Los jóvenes de la brigada regresaron a Cuba por diferentes razones y volvieron a casa con diferentes impresiones y conclusiones, incluyendo la desilusión. El último contingente fue a Cuba en 1988, pero la Brigada Antonio Maceo aún existe en Miami como una pequeña organización de izquierda, y nunca ha dejado de trabajar por la normalización de las relaciones.

Muchos dirán que ellos no pensaban que este día llegaría. Pertierra estaba en La Habana el 17 de diciembre, cuando Obama y Castro hicieron sus anuncios simultáneos de que comenzarían las negociaciones para reanudar las relaciones diplomáticas.

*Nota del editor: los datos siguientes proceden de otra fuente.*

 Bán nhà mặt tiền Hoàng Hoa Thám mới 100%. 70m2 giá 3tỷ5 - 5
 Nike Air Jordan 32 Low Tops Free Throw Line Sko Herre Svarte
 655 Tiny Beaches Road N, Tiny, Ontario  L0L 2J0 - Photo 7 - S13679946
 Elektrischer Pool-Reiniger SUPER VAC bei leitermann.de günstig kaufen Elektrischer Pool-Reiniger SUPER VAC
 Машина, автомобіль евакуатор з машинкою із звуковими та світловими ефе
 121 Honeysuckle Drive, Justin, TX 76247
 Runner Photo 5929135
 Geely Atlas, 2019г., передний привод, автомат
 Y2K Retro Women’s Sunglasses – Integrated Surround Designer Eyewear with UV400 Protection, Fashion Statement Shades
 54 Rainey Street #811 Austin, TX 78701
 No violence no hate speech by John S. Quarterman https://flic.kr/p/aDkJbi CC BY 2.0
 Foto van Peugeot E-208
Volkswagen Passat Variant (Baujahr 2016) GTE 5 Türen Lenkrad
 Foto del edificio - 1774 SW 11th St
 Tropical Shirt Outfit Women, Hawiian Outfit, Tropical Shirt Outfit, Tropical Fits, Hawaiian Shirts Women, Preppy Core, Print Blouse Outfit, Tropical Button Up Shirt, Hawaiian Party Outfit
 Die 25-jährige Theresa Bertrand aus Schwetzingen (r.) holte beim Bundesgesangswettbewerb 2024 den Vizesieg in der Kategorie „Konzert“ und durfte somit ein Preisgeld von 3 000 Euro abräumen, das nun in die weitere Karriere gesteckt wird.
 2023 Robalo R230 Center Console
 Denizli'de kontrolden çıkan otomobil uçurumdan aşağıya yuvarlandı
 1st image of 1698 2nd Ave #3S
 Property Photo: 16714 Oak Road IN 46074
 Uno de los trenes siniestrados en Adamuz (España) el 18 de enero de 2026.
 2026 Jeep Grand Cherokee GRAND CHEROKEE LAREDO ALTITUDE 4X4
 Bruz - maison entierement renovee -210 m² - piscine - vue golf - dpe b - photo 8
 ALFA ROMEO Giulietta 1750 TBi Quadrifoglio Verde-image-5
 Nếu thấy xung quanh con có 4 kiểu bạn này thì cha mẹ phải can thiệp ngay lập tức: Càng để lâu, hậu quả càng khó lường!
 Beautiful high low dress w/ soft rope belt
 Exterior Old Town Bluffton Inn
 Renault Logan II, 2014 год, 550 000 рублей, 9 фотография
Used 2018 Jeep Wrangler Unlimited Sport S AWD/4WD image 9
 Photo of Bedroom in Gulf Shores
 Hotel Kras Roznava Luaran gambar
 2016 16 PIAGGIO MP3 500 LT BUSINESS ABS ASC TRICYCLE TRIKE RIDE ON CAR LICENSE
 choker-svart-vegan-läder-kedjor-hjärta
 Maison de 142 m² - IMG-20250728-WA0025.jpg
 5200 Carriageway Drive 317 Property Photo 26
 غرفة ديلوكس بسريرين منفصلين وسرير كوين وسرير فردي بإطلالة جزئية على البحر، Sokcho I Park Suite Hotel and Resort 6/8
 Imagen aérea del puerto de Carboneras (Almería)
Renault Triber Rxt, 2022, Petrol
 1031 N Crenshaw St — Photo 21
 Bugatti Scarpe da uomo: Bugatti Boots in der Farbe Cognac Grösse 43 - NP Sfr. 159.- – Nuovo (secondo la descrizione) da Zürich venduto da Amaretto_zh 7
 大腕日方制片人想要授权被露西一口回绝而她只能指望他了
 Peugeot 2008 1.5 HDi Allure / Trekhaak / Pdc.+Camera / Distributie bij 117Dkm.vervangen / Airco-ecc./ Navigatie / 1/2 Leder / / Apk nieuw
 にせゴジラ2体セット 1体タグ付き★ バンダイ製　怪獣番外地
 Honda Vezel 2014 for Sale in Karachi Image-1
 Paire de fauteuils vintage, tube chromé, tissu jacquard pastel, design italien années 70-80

“La gente común me detenía en las calles para abrazarme y llorar de alegría”, dice. “He estado viniendo a Cuba durante muchos años. Nunca he visto tal alegría y esperanza por el futuro como la que he presenciado aquí en Cuba durante las últimas dos semanas”.

Así que ahora observan, buscando señales de que los países están negociando realmente en pie de igualdad.

“No será un proceso rápido, ya que hay una profunda desconfianza entre ambas partes”, dice Álzaga. Y si el objetivo de Estados Unidos sigue siendo el de cambio de régimen, “quizás estemos frente a una guerra diferente, una guerra que se sostiene más en término de ideas, ideología y desarrollo económico”.

La acción de Obama ha sido criticada por algunos de la comunidad del exilio.

Pero son tiempos diferentes, es un Miami diferente, una comunidad cubanoamericana diferente. “La opinión pública cambió en la comunidad cubana exiliada. Y cambió porque la gente fue capaz de acercarse a sus familiares y comprender que incluso las familias de línea dura no eran de línea tan dura”, dice Torres.

Dice Valdés: “Tomamos nuestra decisión en 1977, pero otros la tomaron en 1980 y otros en 1990, y puede que otros aún no hayan tomado su decisión. Pero comprendí que en última instancia el tema de la familia tendría prioridad sobre el de la política. Y así fue. Así fue. Ahora todos somos Antonio Maceo”.